O maestro Clovis Pereira tinha livre trânsito nos mais diversos nichos musicais pernambucanos. Chegou no Recife com 15 anos, tocando apenas gaita, e ganhando emprego nas duas rádios da cidade, a Rádio Clube de Pernambuco e a Jornal do Commercio, recebendo o mesmo salário que o pai dele em Caruaru recebia. Foi o que lhe fez decidir enveredar pela carreira musical. Com 21 anos já regia a Orquestra Paraguary: “Era anunciado como o mais jovem maestro do Brasil. A maioria dos músicos da Paraguary era mais velha do que eu. A orquestra tinha 18 músicos. Vinha muito artista do Sul, não tinha tempo de ensaiar. Eu chegava pra eles dizia que me dissesse o que iam cantar, como iam, e deixassem comigo. A orquestra pegou fama no Sul”, diz o maestro, que regia talentos como o bandolinista Luperce Miranda, o acordeonista Sivuca, e o pandeirista Jackson do Pandeiro.

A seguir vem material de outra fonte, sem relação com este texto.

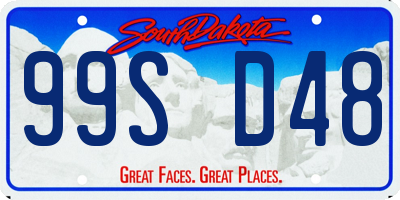 SD license plate 99SD48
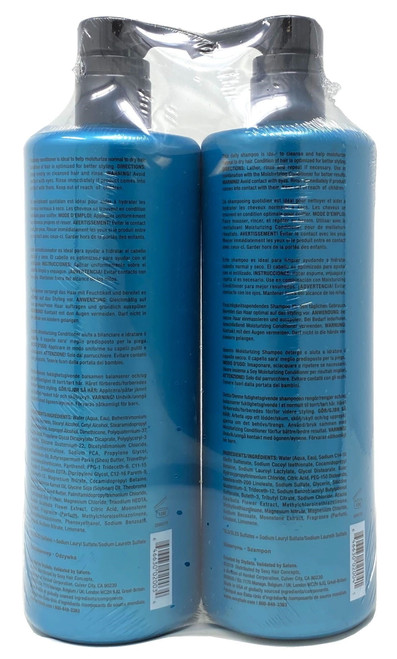 Sexy Hair Healthy Moisturizing Detangling Daily Shampoo & Conditioner With Mimosa Flower Extract & Moonstones Full Size Set - 2 Piece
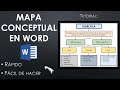 TUTORIAL: Cómo Hacer un Mapa Conceptual en WORD | Rápido y Fácil de Hacer | Pedagogía MX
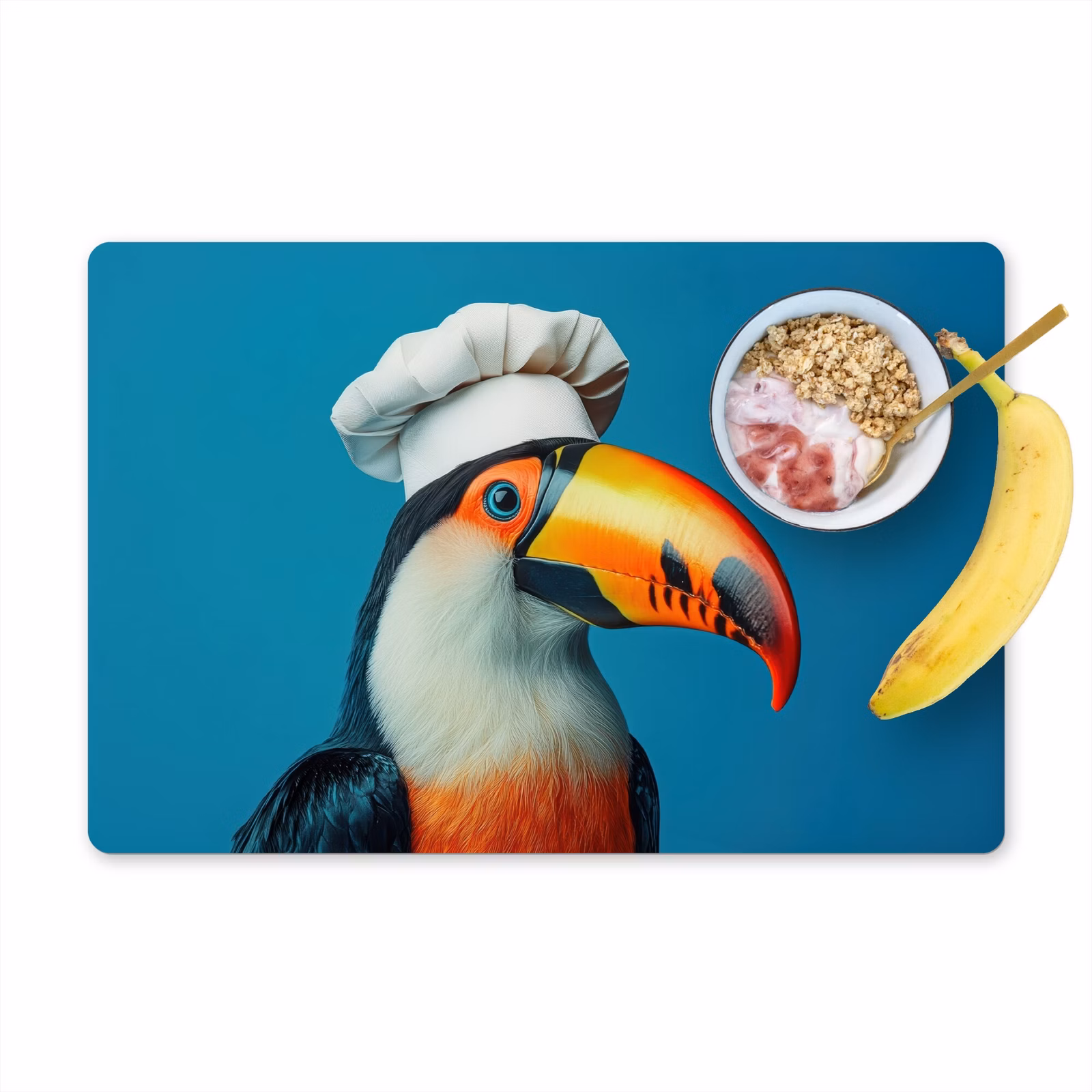 Placemat vinyl - Toekan - Papegaai - Vogel - Koksmuts — 1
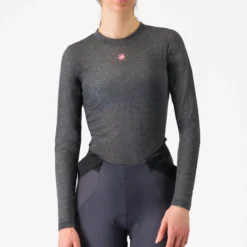 Maglia intima maniche lunghe donna Castelli Medio - Grigio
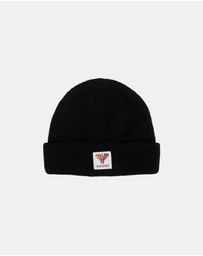 Fallen Footwear - Fallen Footwear Insignia Acrylic Cuff Short StylishBeanie - Black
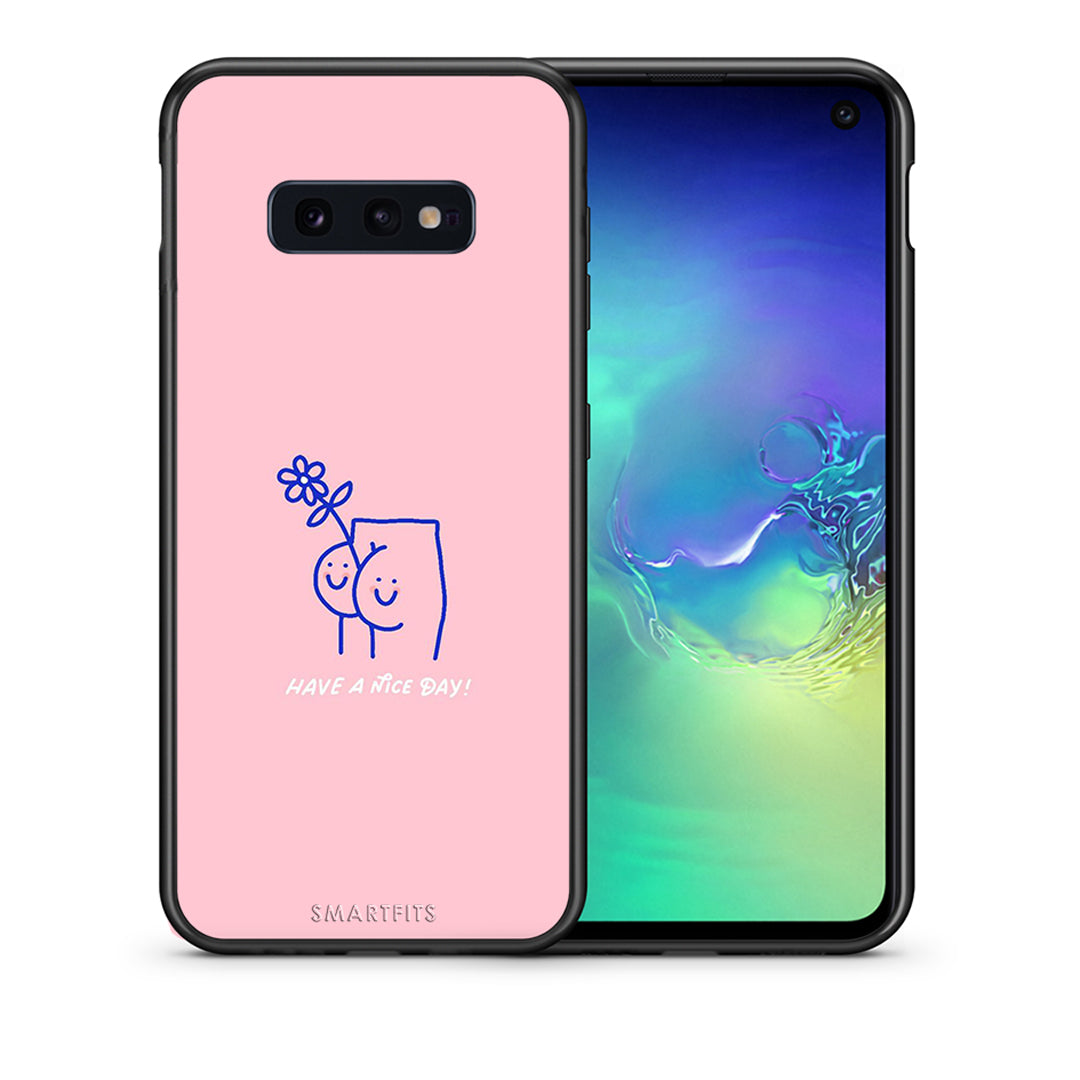 Θήκη Samsung S10e Nice Day από τη Smartfits με σχέδιο στο πίσω μέρος και μαύρο περίβλημα | Samsung S10e Nice Day case with colorful back and black bezels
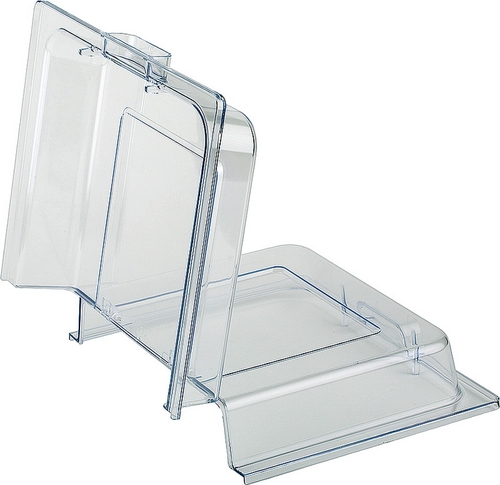 Haube GN 1/1 53 x 32,5 cm, H: 6 cm Polycarbonat klappbar passend für GN 1/1 Behälter, GN 1/1 Tabletts, etc.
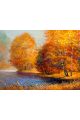 Картина интерьерная «Осенний лес» холст 90 x 70 см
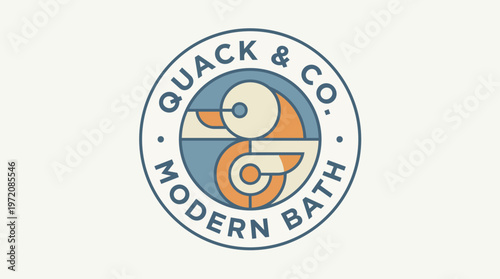 Quack and Co modern bath.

Foram 70 anos de muitos episódios incríveis. Quando a TV Jornal do Commercio completou um ano, emissoras de todo o País mandaram contratados seus para a festa de aniversário. De Porto Alegre veio a adolescente Elis Regina, devidamente acompanhada do pai: “Quando eu ia saindo da TV com minha mulher, Elis estava com o pai na frente do prédio. Veio perguntar a gente se sabíamos onde aconteceria a festa. Disse que a gente ia pra lá, e demos carona pros dois”. Uns três anos mais tarde, Elis, já morando no Rio, estava no Recife, numa reunião na casa de um ricaço, na avenida Boa Viagem: “Eu dormia e ele me ligou. Queria me contratar pra tocar piano pra Elis. Na festa tinha também um cantor de bolero, famoso, e um violonista. Mas
ela só cantava com um pianista. Eu fui lá, e toquei pra ela cantar”.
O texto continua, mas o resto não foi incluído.